● **Requirement**:
Images do not belong in the copy. Retype all the entries below exactly.

BEGIN Data excerpts

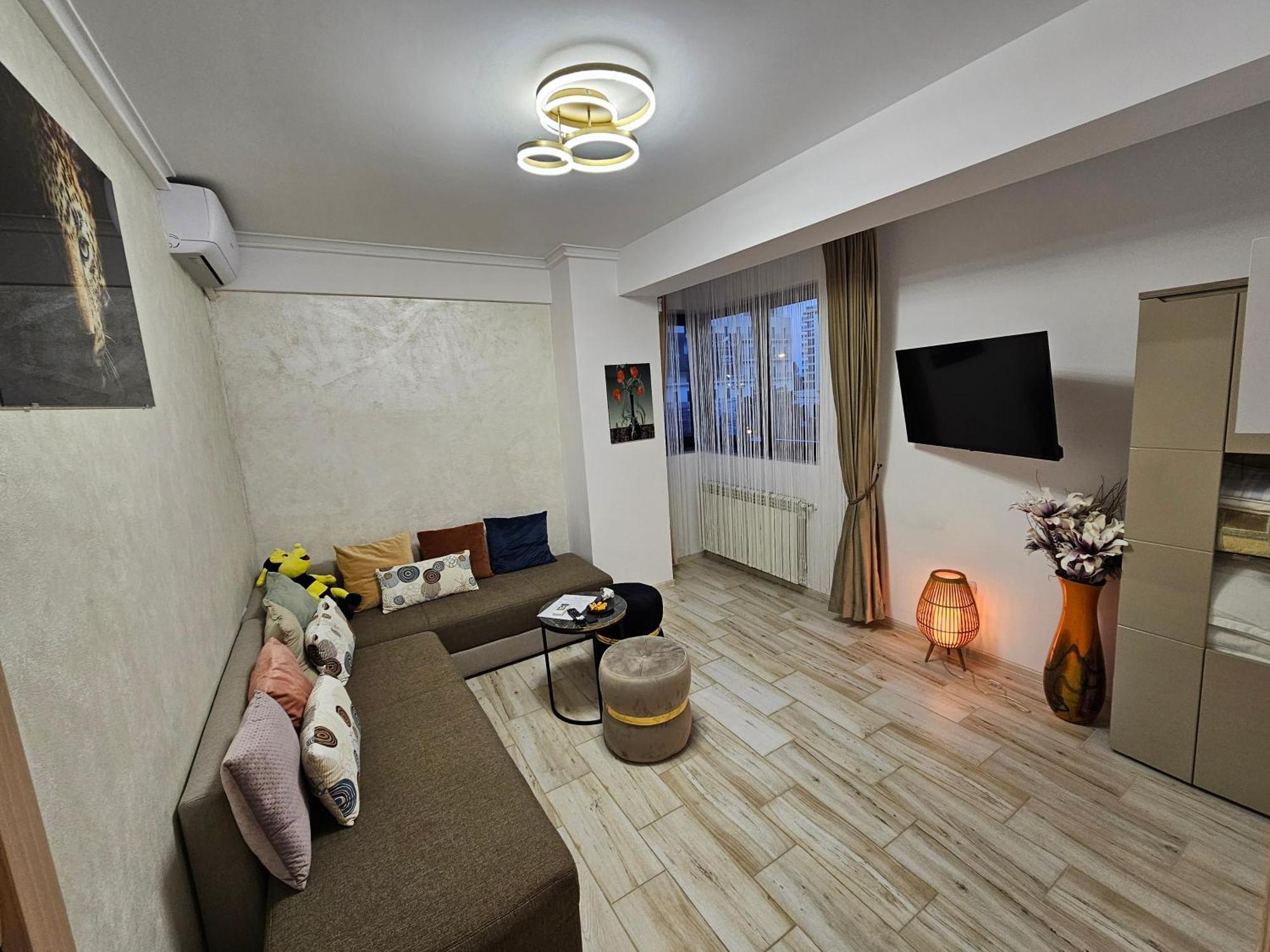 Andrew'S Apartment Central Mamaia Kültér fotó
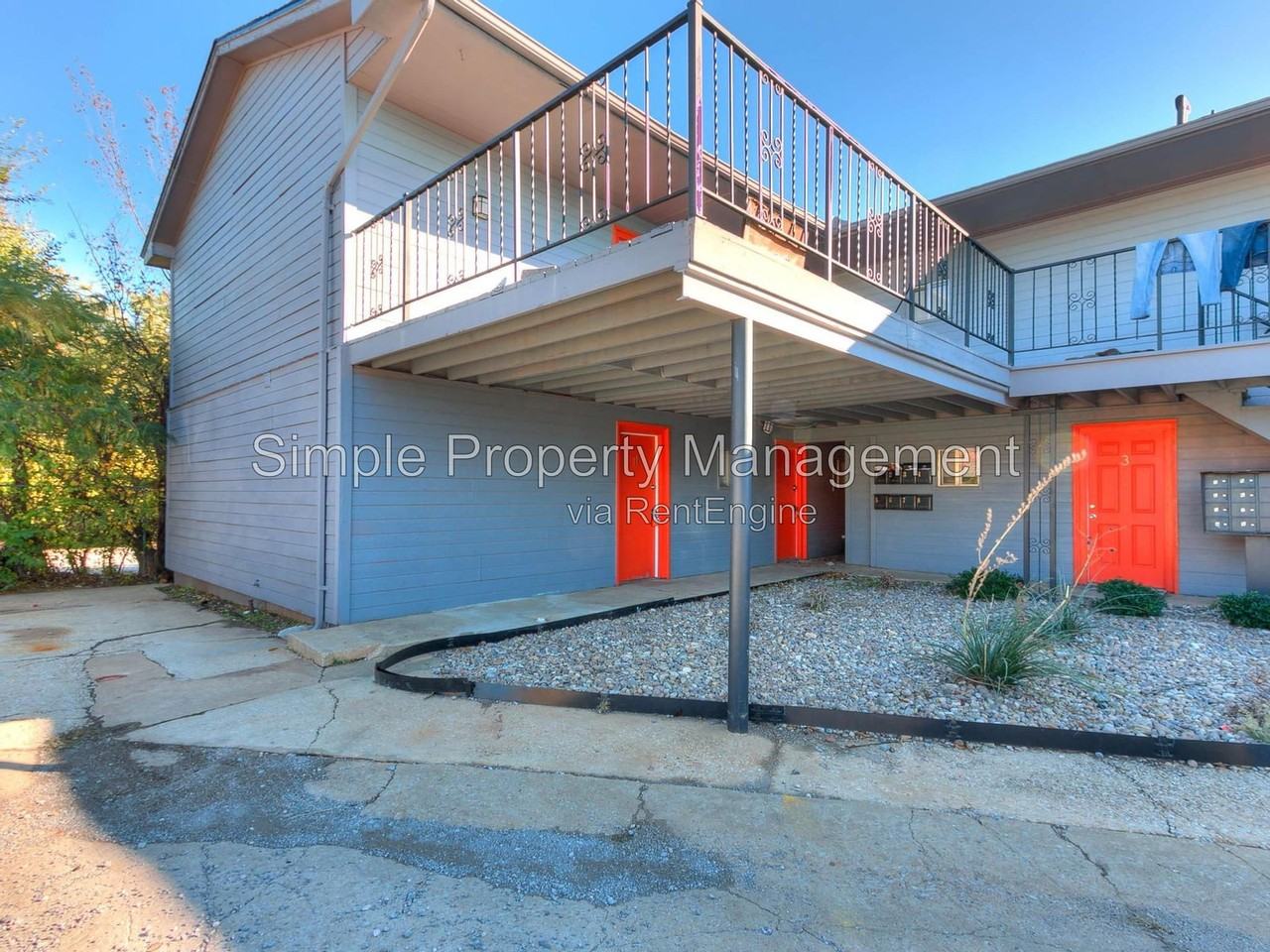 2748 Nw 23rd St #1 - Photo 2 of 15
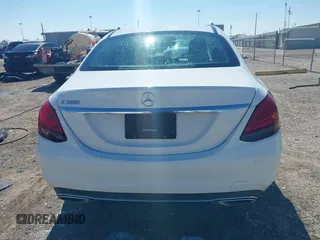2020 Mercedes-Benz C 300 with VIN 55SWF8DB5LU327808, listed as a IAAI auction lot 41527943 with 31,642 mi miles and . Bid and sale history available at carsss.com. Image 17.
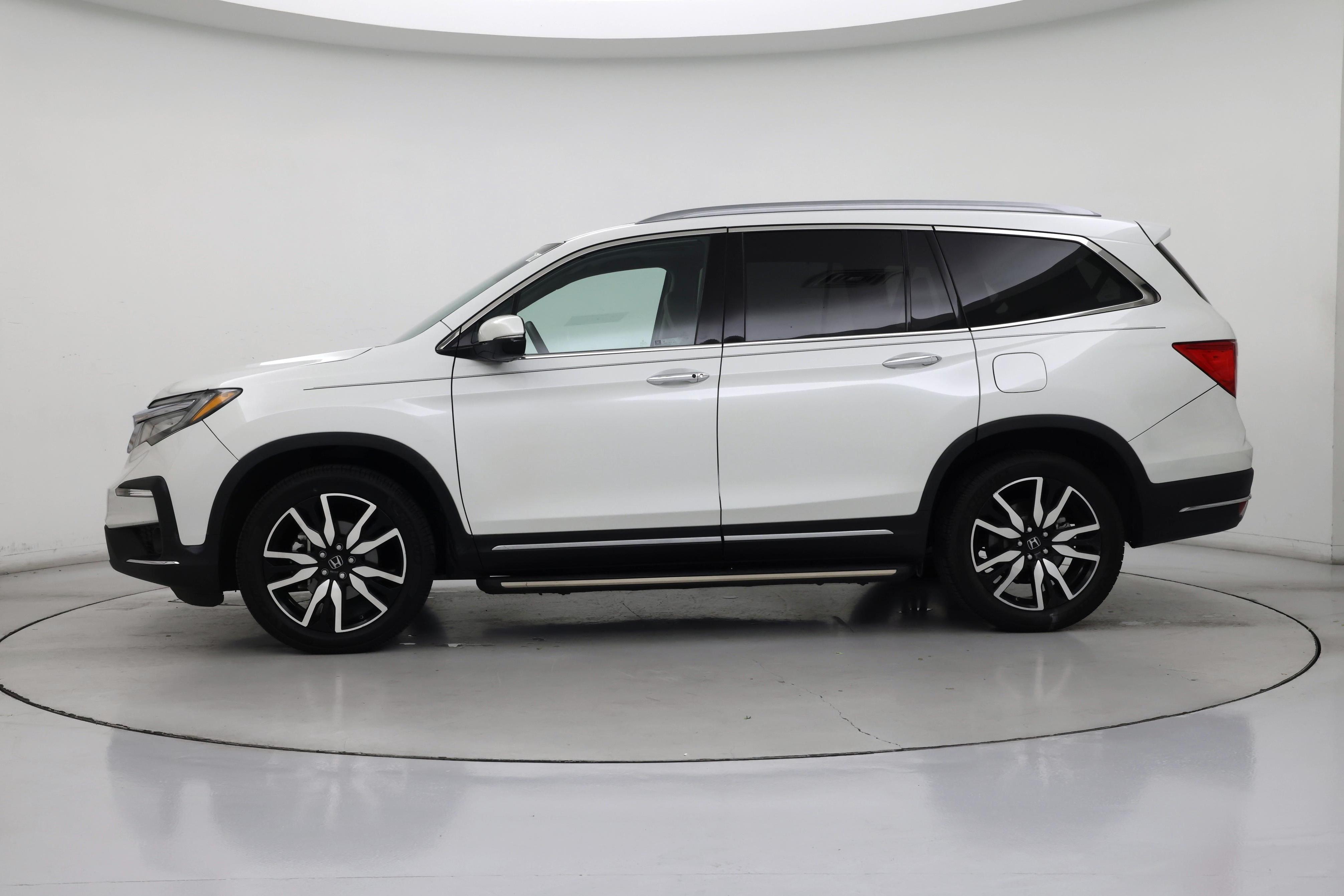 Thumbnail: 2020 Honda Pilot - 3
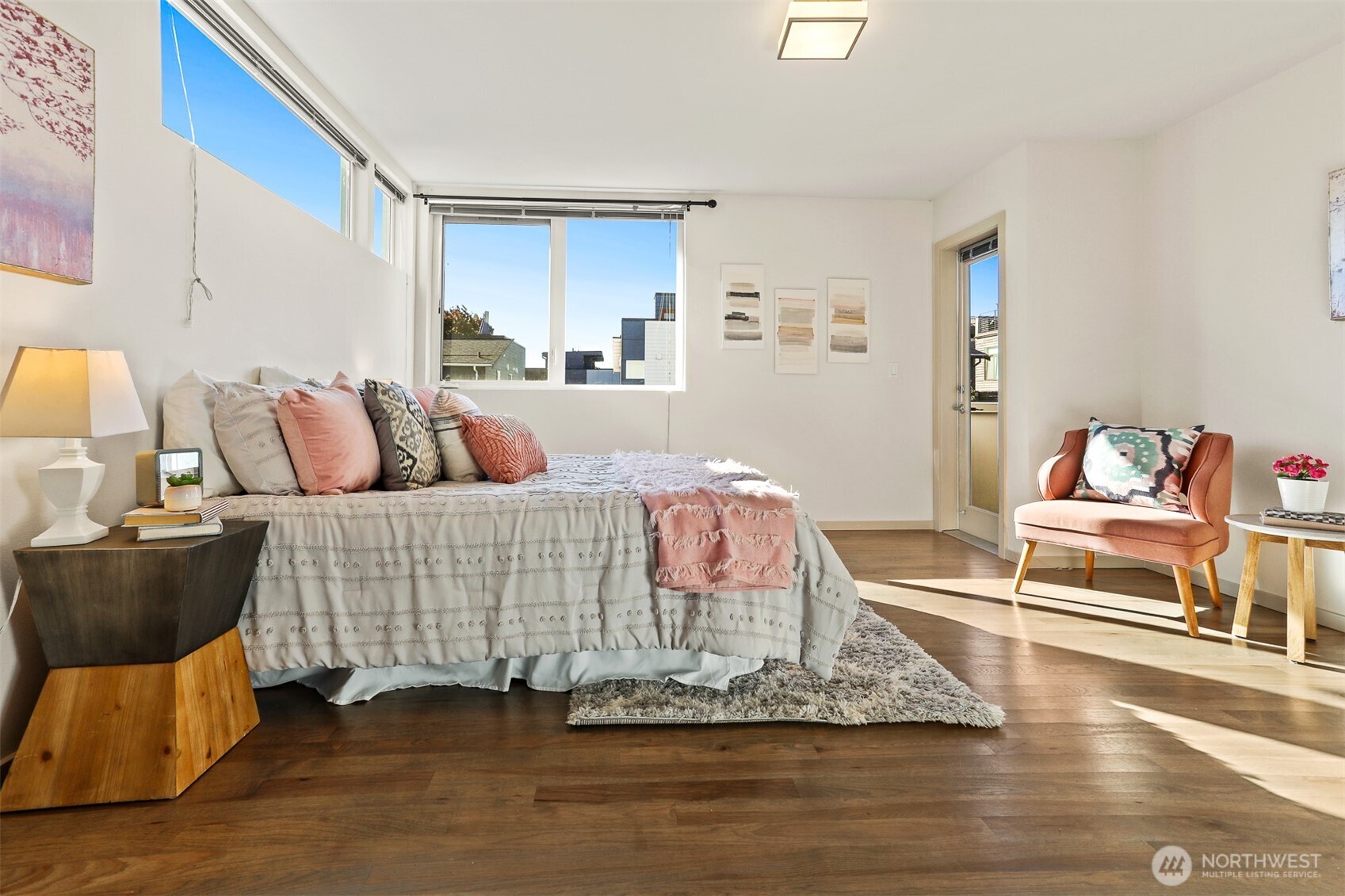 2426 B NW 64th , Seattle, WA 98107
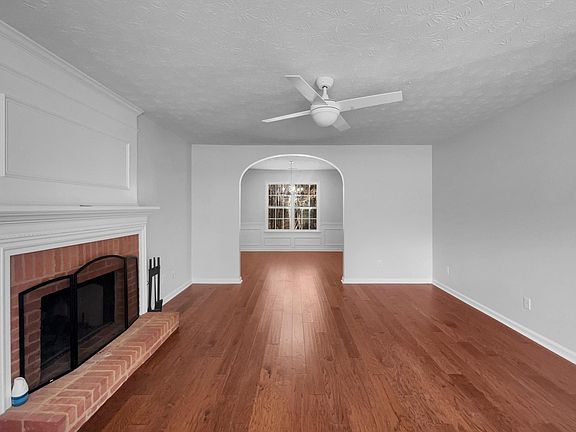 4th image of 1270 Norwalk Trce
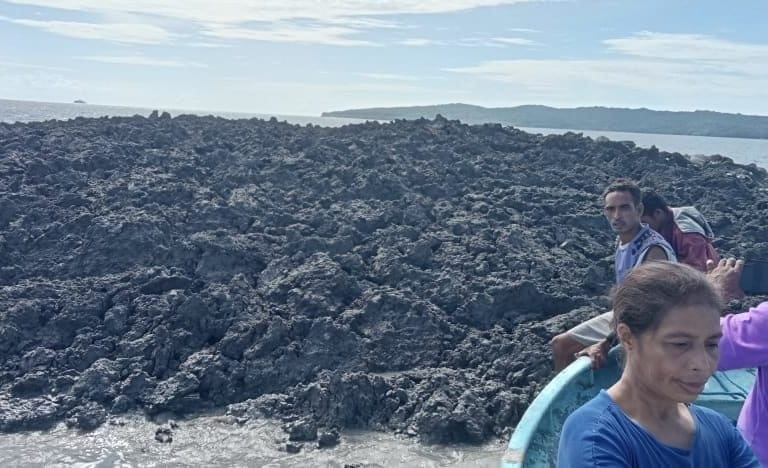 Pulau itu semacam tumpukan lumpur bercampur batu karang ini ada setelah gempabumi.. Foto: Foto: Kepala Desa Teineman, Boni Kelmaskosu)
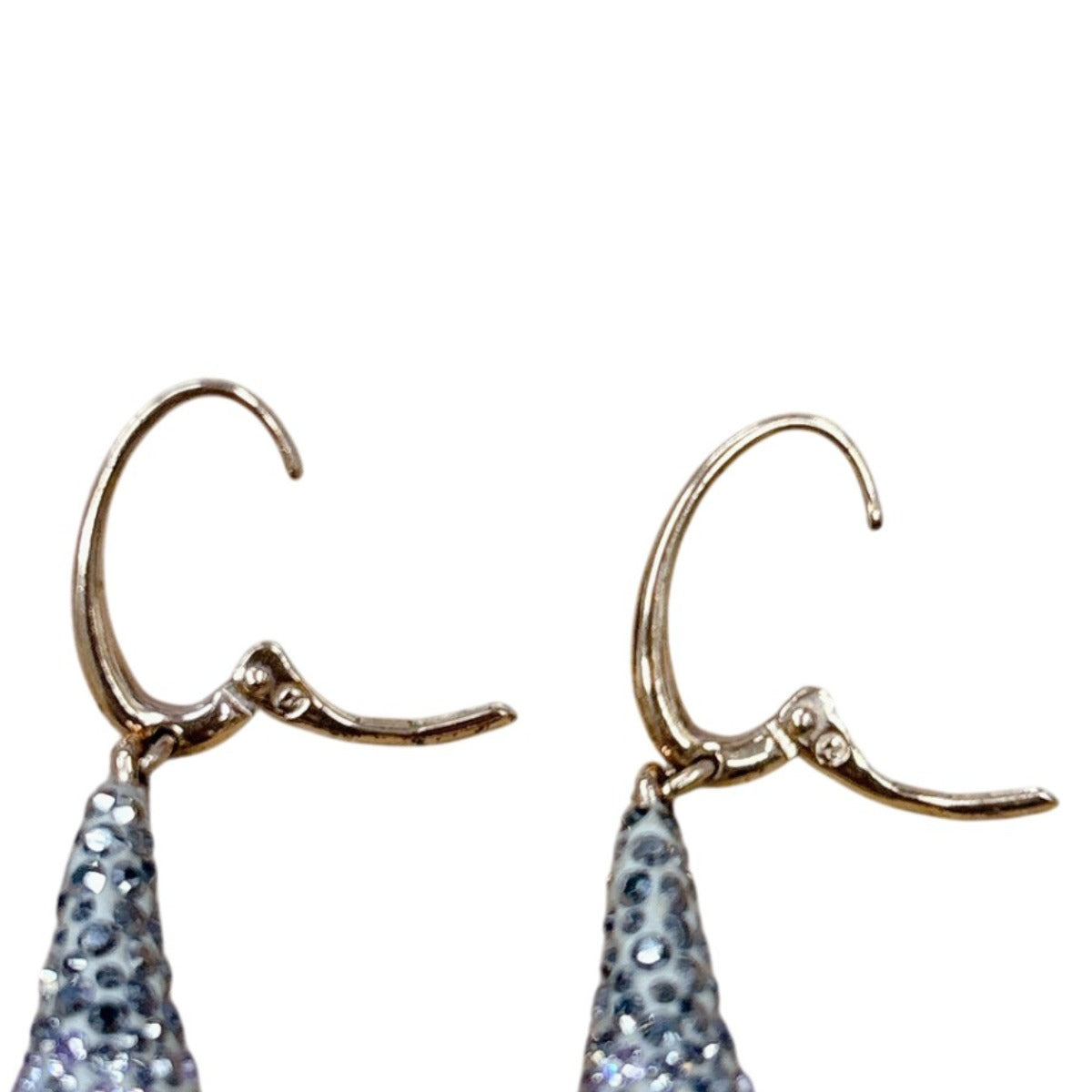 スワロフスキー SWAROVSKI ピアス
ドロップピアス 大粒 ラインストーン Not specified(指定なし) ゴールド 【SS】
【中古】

END Data excerpts

● **Output for this exercise**:
 Andrew'S Apartment Central Mamaia Kültér fotó
 2748 Nw 23rd St #1 - Photo 2 of 15
2020 Mercedes-Benz C 300 with VIN 55SWF8DB5LU327808, listed as a IAAI auction lot 41527943 with 31,642 mi miles and . Bid and sale history available at carsss.com. Image 17.
 Thumbnail: 2020 Honda Pilot - 3
 2426 B NW 64th , Seattle, WA 98107
 4th image of 1270 Norwalk Trce
 Pulau itu semacam tumpukan lumpur bercampur batu karang ini ada setelah gempabumi.. Foto: Foto: Kepala Desa Teineman, Boni Kelmaskosu)
 スワロフスキー SWAROVSKI ピアス
ドロップピアス 大粒 ラインストーン Not specified(指定なし) ゴールド 【SS】
【中古】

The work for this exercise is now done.